SPOILER ALERT SPOILER ALERT

This book was way too long and I think the editor knew it. The very first page is the description of a scene in which a murder is foretold. The next 350 pages of the book is the meandering build up to the murder scene. Ann-Marie MacDonald leads the reader through rooms involving child molestation, international spydom, elementary school quarrels, the Cuban Missile Crisis, and Nazi refugees. And written like this, I admit it sounds interesting. But all of those topics are told through the eyes of a 9 year old who doesn't quite understand.

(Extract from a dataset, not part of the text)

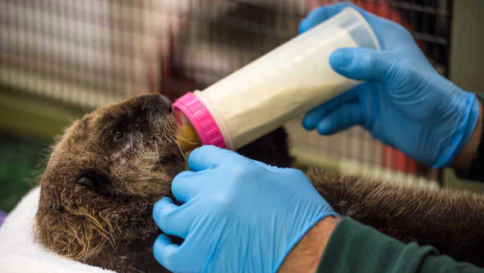 Piccola lontra orfana trova una nuova casa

Interspersed through the narrative are occasional jumps to the murder scene, in which the reader gets time to formulate a motive and suspect. The author is very skilled at leading the reader along the wrong path. Too skilled, I'd say, because if this weren't my book group book I would have stopped reading it about 500 pages in thinking that I knew the who/what/where/when. I think the editor felt the same way, otherwise the murder narratives wouldn't be necessary. The plot would just propel you through the evidence of the case.

After the murder was revealed (I was right about who got killed, by the way, thus adding to my "I can see right through this plot" feeling I had), the plot was more solid and focused. I flew through pp. 350 - 600, really really good stuff. Then in the six hundreds somewhere you hit a chapter that reintroduced Madeleine, the lead character, as an adult. You learn of her hinted at lesbianism and the outcome of her parent's marraige after moving from Centralia, Ontario. She's screwed up, she's leaving her girlfriend for another woman. Honestly, I didn't need all this explication.

Round about p. 725, McDonald starts to reapply the circumstantial evidence of the case and the reader learns their assumed culprit had a solid alibi. You read the main characters findings of the case after she starts researching evidence about 30 years after the incident had taken place and find out the true story of that murderous night. Very well done. I was completely wrong about thinking I knew the mystery at p. 200. The clues planted all along the way that the obvious suspect was not the killer are perfectly fitting in hindsight. Really beautifully told, I just wish I hadn't had to wade through 400 pages of red herrings to find out I was wrong.

I loved Ann-Marie MacDonald's previous book, "Fall on Your Knees". This one was a disappointment. I stuck with it and forced myself to finish all 800+ pages, but it was tough. It starts really slow and when the plot finally kicks in it's dark and disturbing. The ending ultimately is more upbeat but by then it was too late for me.